General characteristics
- Class & type: Fame-class ship of the line
- Tons burthen: 1743 (bm)
- Length: 175 ft (53 m) (gundeck)
- Beam: 47 ft 6 in (14.48 m)
- Depth of hold: 20 ft 6 in (6.25 m)
- Propulsion: Sails
- Sail plan: Full-rigged ship
- Complement: 530
- Armament: 74 guns:; Gundeck: 28 × 32-pounder guns; Upper gundeck: 28 × 18-pounder guns; QD: 14 × 9-pounder guns; Fc: 4 × 9-pounder guns;

= HMS Hero (1803) =

Fame-class ship of the line

HMS Hero was a 74-gun third rate of the Royal Navy, launched on 18 August 1803 at Blackwall Yard.

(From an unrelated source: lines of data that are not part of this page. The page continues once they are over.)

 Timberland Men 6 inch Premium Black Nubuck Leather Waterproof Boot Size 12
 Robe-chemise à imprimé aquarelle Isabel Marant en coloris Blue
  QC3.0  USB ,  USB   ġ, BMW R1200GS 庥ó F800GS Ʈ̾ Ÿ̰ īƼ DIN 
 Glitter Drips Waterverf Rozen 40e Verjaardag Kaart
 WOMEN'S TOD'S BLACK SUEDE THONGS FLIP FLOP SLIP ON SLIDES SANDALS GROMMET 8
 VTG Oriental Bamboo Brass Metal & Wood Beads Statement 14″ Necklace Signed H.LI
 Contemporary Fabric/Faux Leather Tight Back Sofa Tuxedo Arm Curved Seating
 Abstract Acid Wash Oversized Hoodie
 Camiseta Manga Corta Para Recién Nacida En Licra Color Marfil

She took part in Admiral Robert Calder's action at the Battle of Cape Finisterre in 1805. Later in the same year Hero was a part of the squadron commanded by Captain Sir Richard Strachan that won the Battle of Cape Ortegal.

On 25 December 1811 Hero, under captain James Newman-Newman, was wrecked on the Haak Sands at the mouth of the Texel during a gale, with the loss of all but 12 of her crew.